PROBLEM DESCRIPTION: Write out exactly the lines from the one holding "Beautiful here - wooden" to the last line of the entries, both ends included and nothing else, without the pictures.

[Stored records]
::::

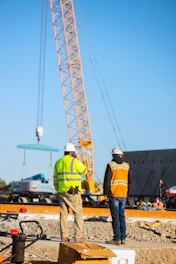 Construction workers observe a crane lifting materials.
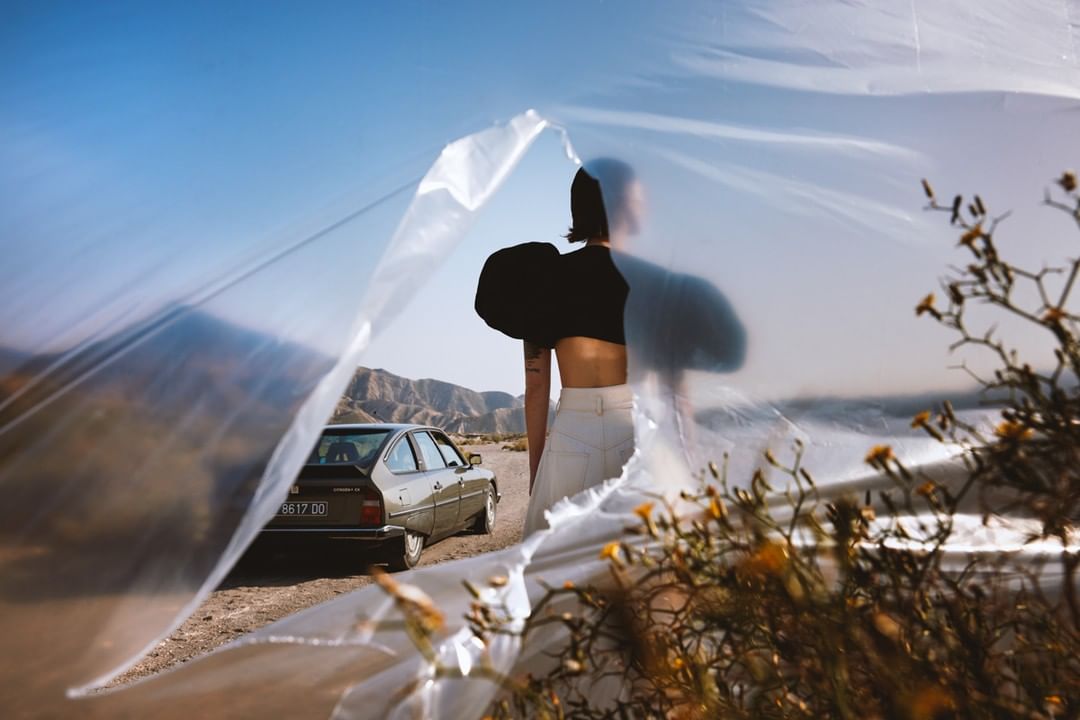 Fashion shot of a woman in a black top and white pants, partially obscured by plastic, with a car in a desert landscape.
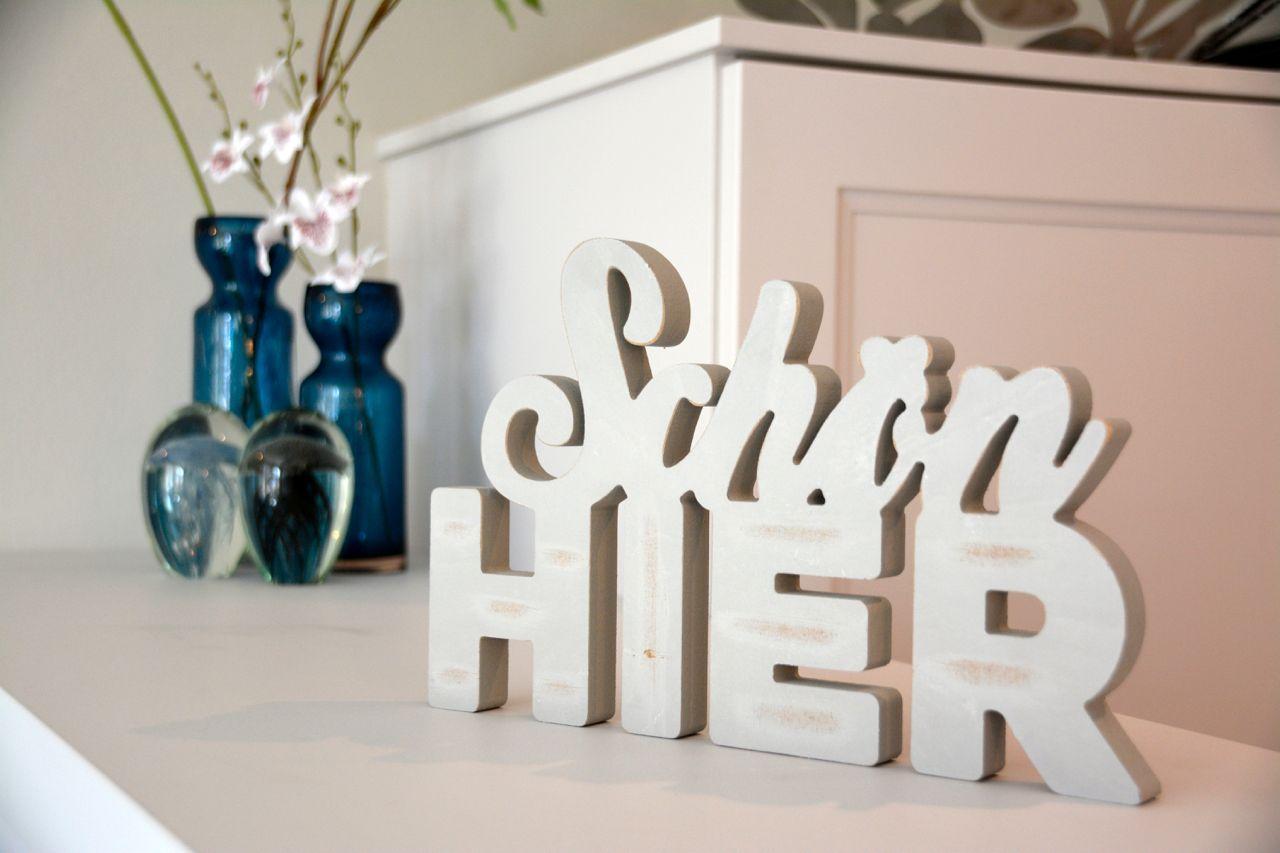 Beautiful here - wooden letters and flower vases on a white cabinet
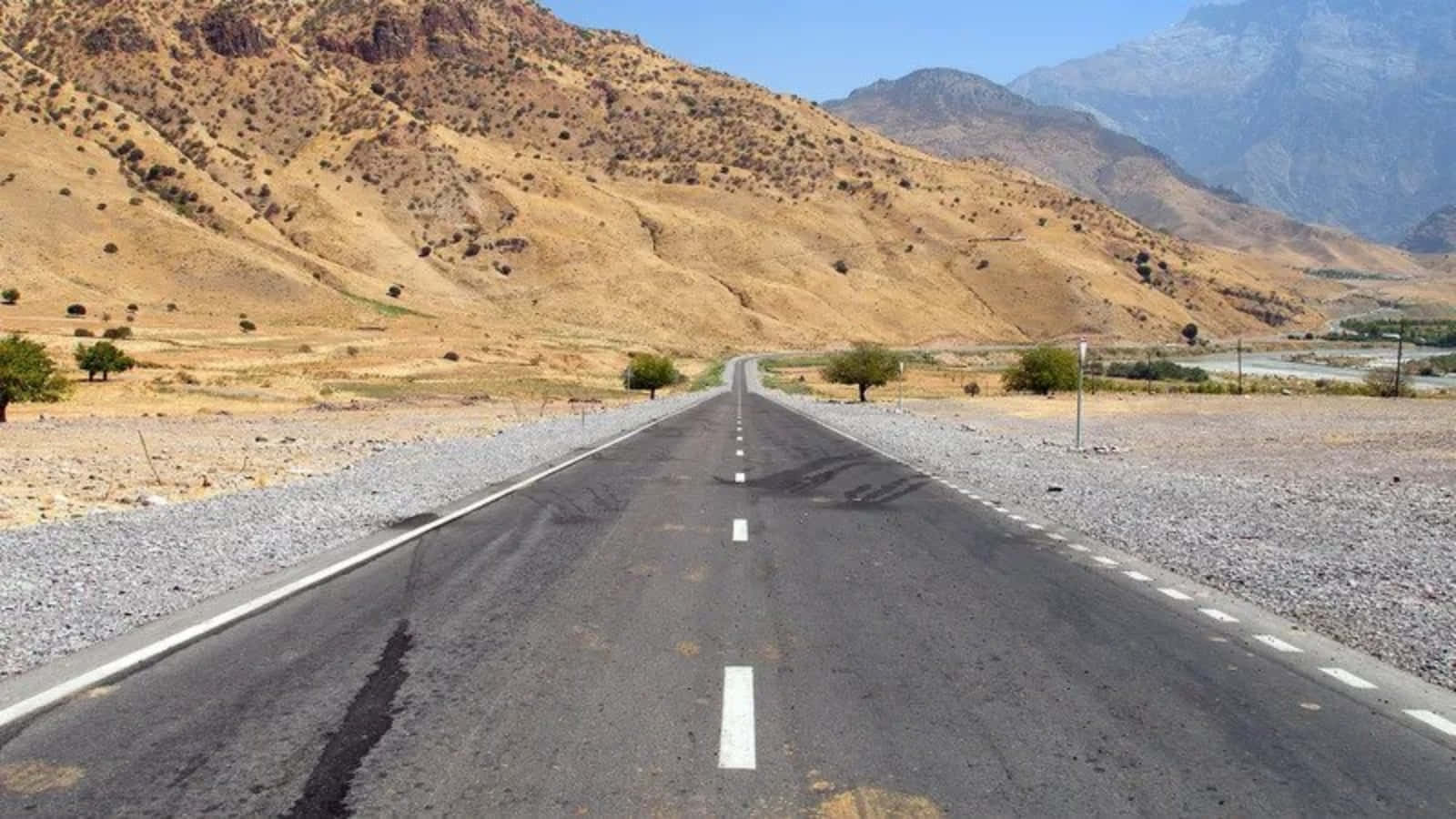 絲綢之路古道壯麗風景 壁紙 — 一條筆直的瀝青公路在晴朗的藍天下穿過乾旱的山脈伸向遠方。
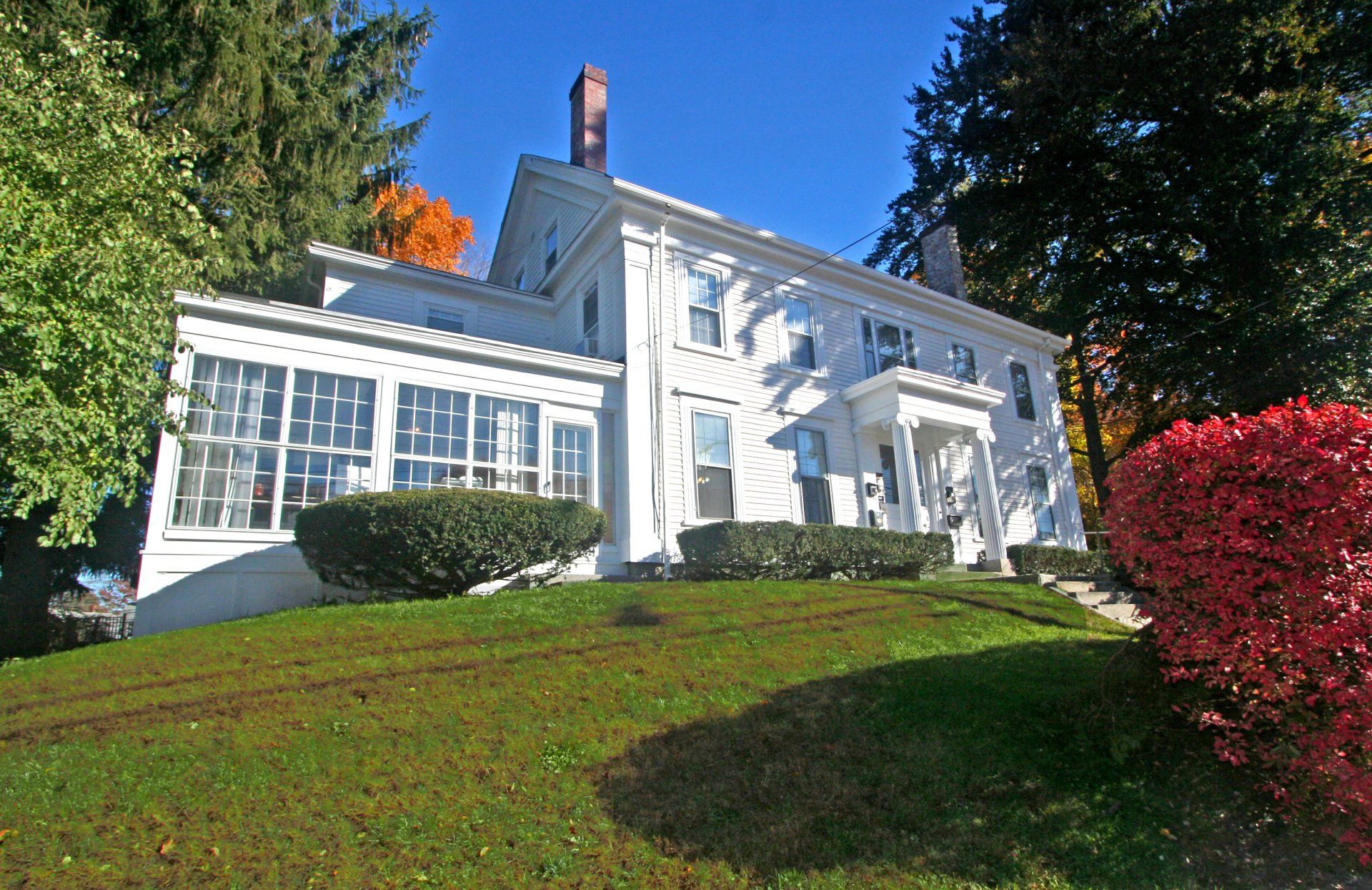 Exterior view of two story white home with chimney, covered patio, and large front yard with green grass.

::::

ANSWER FOR THE TASK:
 Beautiful here - wooden letters and flower vases on a white cabinet
 絲綢之路古道壯麗風景 壁紙 — 一條筆直的瀝青公路在晴朗的藍天下穿過乾旱的山脈伸向遠方。
 Exterior view of two story white home with chimney, covered patio, and large front yard with green grass.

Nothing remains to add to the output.